### [MATERIAL PROVIDED]
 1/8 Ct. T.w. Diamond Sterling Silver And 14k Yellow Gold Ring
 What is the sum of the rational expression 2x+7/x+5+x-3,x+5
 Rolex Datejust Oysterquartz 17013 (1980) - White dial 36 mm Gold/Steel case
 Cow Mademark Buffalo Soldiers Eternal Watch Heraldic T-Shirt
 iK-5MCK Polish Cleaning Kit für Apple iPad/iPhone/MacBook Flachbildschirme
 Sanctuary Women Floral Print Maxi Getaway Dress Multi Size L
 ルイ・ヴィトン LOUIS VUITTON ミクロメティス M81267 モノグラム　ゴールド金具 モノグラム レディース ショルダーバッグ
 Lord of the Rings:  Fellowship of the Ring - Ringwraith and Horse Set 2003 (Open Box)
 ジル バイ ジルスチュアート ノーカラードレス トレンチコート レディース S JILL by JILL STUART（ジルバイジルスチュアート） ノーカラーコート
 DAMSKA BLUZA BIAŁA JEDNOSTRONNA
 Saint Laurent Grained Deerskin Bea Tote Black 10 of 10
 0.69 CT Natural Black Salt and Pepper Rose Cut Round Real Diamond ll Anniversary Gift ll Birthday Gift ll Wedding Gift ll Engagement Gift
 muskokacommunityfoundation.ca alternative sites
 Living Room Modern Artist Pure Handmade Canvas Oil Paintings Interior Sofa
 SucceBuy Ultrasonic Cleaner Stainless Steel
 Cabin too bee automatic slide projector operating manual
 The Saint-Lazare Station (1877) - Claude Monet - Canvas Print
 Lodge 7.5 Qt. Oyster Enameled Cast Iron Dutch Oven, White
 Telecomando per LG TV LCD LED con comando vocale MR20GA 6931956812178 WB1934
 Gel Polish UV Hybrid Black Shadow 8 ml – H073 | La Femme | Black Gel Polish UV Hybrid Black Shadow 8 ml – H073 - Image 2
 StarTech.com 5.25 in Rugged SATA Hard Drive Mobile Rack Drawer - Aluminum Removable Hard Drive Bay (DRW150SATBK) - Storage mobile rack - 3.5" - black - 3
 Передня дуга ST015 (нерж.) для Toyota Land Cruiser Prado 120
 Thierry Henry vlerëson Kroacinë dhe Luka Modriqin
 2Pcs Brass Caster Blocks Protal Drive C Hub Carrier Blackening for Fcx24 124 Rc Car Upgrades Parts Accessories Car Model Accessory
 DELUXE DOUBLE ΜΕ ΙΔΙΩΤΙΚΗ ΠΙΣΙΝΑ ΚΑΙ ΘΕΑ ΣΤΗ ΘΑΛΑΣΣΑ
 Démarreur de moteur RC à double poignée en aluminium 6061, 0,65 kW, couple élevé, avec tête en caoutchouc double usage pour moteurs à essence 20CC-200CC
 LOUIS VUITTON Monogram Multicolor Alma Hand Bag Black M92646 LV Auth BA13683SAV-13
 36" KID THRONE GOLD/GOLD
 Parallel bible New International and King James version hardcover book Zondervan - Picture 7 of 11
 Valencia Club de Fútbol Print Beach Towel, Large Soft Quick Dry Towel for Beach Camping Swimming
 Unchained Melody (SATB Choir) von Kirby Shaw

### [TASK]
For the material above, reproduce exactly the lines from the line with "muskokacommunityfoundation.ca alternative sites" to the line with "Gel Polish UV Hybrid Black Shadow 8 ml – H073 |", inclusive, and exclude all others.

### [RESULT BELOW]
 muskokacommunityfoundation.ca alternative sites
 Living Room Modern Artist Pure Handmade Canvas Oil Paintings Interior Sofa
 SucceBuy Ultrasonic Cleaner Stainless Steel
 Cabin too bee automatic slide projector operating manual
 The Saint-Lazare Station (1877) - Claude Monet - Canvas Print
 Lodge 7.5 Qt. Oyster Enameled Cast Iron Dutch Oven, White
 Telecomando per LG TV LCD LED con comando vocale MR20GA 6931956812178 WB1934
 Gel Polish UV Hybrid Black Shadow 8 ml – H073 | La Femme | Black Gel Polish UV Hybrid Black Shadow 8 ml – H073 - Image 2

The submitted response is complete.